Policies: Organizations failing to improve the economies of target regions, Atlantic Institute for Market Studies says
New Brunswick should be focused on developing workforce skills rather than bringing companies and investments to the province, says the director of research at the Atlantic Institute for Market Studies.
And if that means workers wind up leaving the region for better jobs, so be it.
Regional development authorities should be eliminated since regional development strategies in Canada have failed to improve the economies of their target regions, said Don McIver, the author of a new report called Nova Scotians without Borders.
The main point of the report, that the focus should be on people rather than geography, applies to New Brunswick as well, McIver said in an interview Wednesday. Everything has to be judged on its own merit, but the objectives of an individual project that’s under consideration should be larger than just ‘will it create jobs in Neighbourhood X,'” McIver said.
“I would much prefer from an economic point of view, if governments would focus on making sure that people – no matter where they are – are given the maximum opportunity to enhance their economic worth through education, training and skills development,” McIver said.
“If at the conclusion of that, that means they have a better opportunity of finding work in that region, super. But if it turns out that, in fact, the skills they developed make them mobile to the degree that the opportunities they’re looking for are just not there – they’re somewhere else – those individuals are better served by that outcome.”
Everybody decries “brain drain” until their son or daughter gets a better job somewhere else, McIver said. The looming crisis – especially in Atlantic Canada – is one of labour shortage, not unemployment, McIver said in his report.
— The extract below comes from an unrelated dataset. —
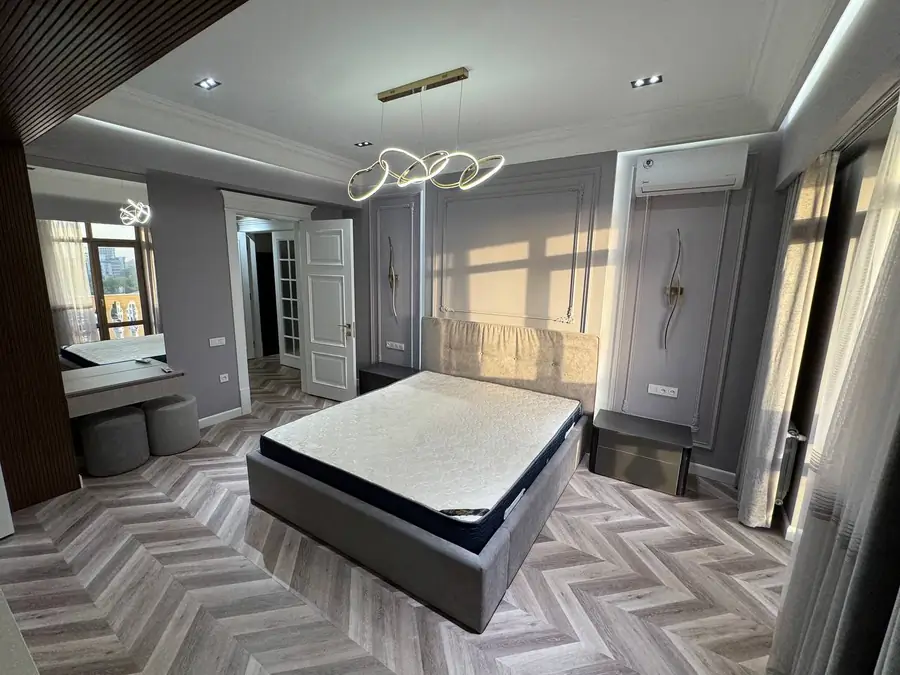 4 xonali kvartira − 220 m², 9/9 qavat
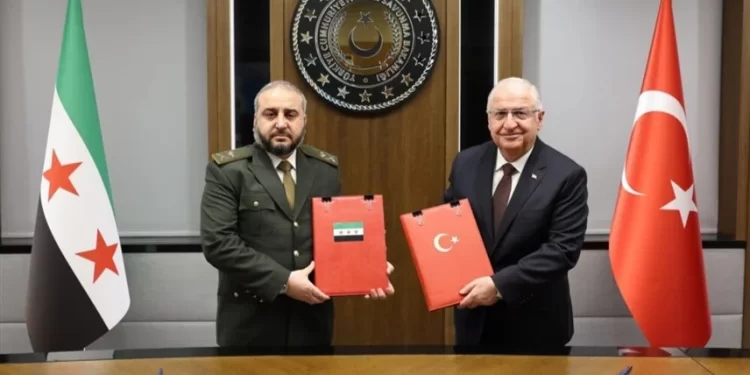 تركيا تعلن البدء بتدريب ودعم الجيش السوري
Governments will have no need to create new jobs, he said, but there will be a need to make sure that the right people with the right skills are in the right place.
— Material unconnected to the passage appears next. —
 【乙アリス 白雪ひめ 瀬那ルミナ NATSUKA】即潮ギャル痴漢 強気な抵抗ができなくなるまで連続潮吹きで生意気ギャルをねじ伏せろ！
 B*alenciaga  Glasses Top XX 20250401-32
“What we should be concerned about is providing our citizens, whether they be in B.C., Nova Scotia or New Brunswick, with the maximum potential to get the most out of their lives,” McIver said.
However, national policies in Canada have historically favoured Ontario and Quebec, and Atlantic Canada needs regional development agencies such as the Atlantic Canada Opportunities Agency to help create opportunities here, said Donald Savoie, the Canada Research Chair in Public Administration and Governance at Université de Moncton.
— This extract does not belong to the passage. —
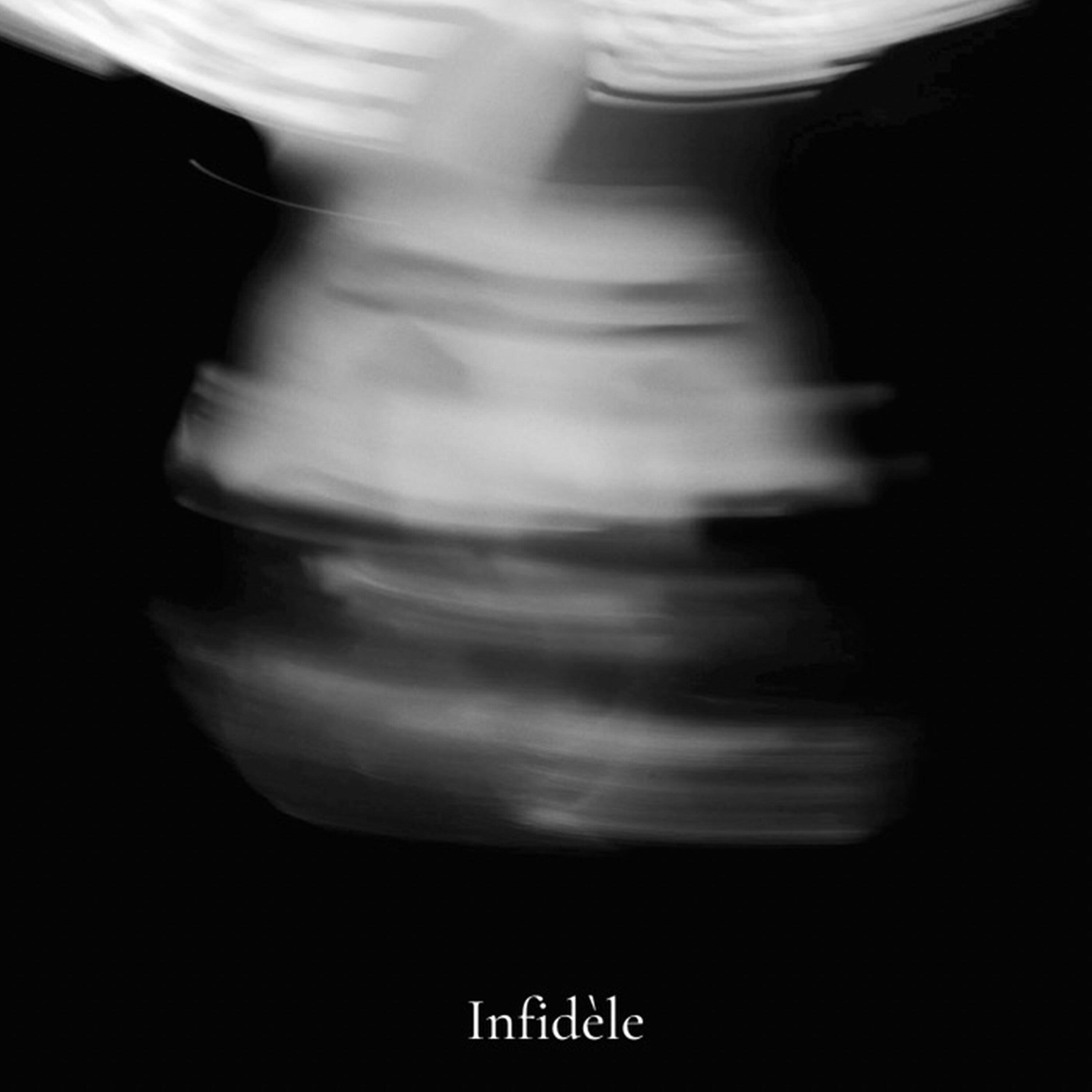 Релиз Infidèle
“We have this tiny little voice called ACOA that speaks on behalf of Atlantic Canada, and we would want to kill it? I can’t agree with that,” Savoie said.
“ACOA is not without its problems, but compared with other federal agencies and departments, I give it a full mark.”
The argument that the province should be focusing on improving workforce skills rather than bringing jobs to the area is as old as regional economic development itself, Savoie said, and there’s no reason why one should exclude the other.
“If you want to talk about moving workers to jobs, look at national policies. That’s what it’s done for 140 years. It’s moved people to jobs in Ontario and Quebec,” Savoie said.
“I think (the Atlantic Institute for Market Studies) has been good for Atlantic Canada, but on this issue we part company in the most fundamental of ways.”